[MATERIAL PROVIDED Boundary: Start]
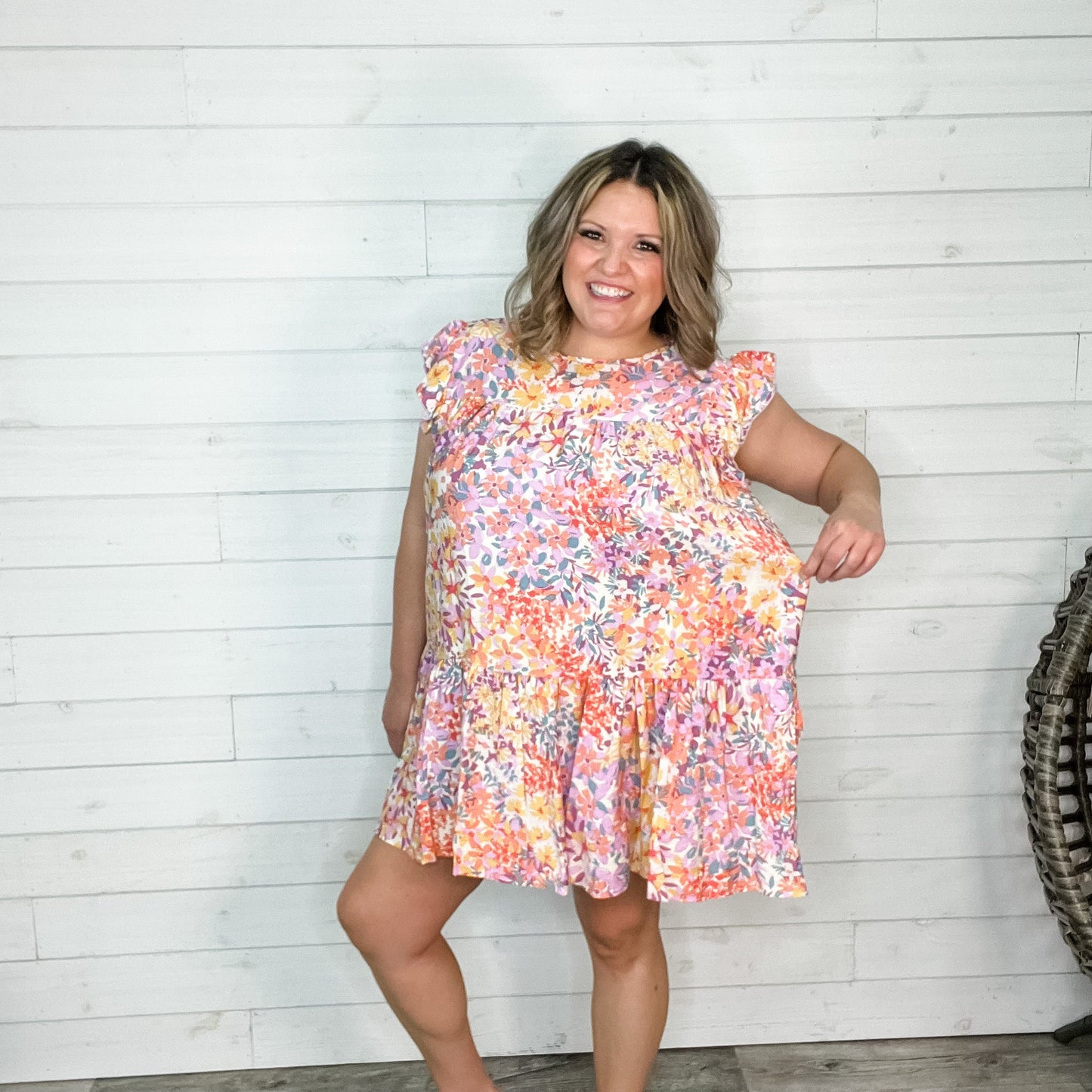 "Right At Home" Floral Ruffle Cap Sleeve Tunic/Dress with Pockets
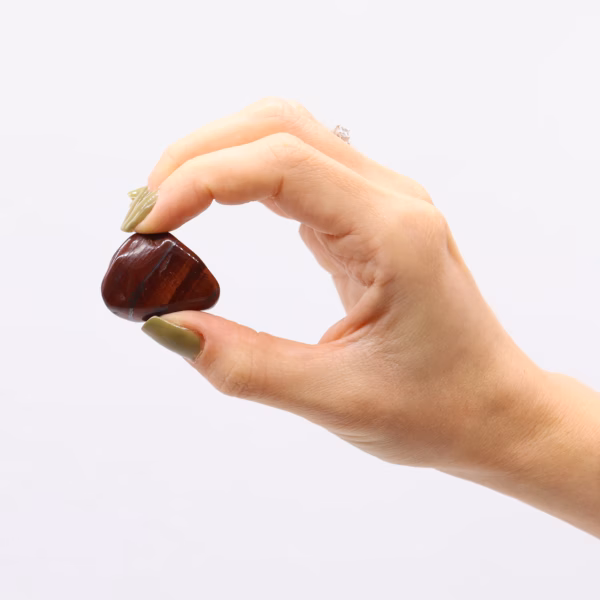 Pose med 12 Afrikanske Edelstener Tigers Eye - Rød - Størrelse 7 - 26mm (Kg) - Bilde 2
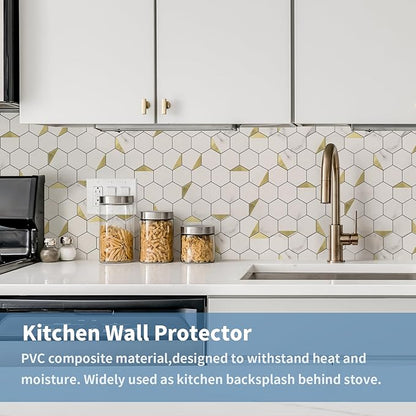 10-Sheet Heavy-Duty Hexagon Peel and Stick Backsplash, Thick Waterproof &Heat Resistant Stick on Wall Tiles, Marble White Mosaic for Kitchen & Bathroom, Strong Adhesive Permanent PVC Tiles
[MATERIAL PROVIDED Boundary: End]
TO DO:
Only an exact copy of the lines from the one with "Pose med 12" through the last line of the data above is wanted, and no pictures.

TASK OUTPUT:
 Pose med 12 Afrikanske Edelstener Tigers Eye - Rød - Størrelse 7 - 26mm (Kg) - Bilde 2
 10-Sheet Heavy-Duty Hexagon Peel and Stick Backsplash, Thick Waterproof &Heat Resistant Stick on Wall Tiles, Marble White Mosaic for Kitchen & Bathroom, Strong Adhesive Permanent PVC Tiles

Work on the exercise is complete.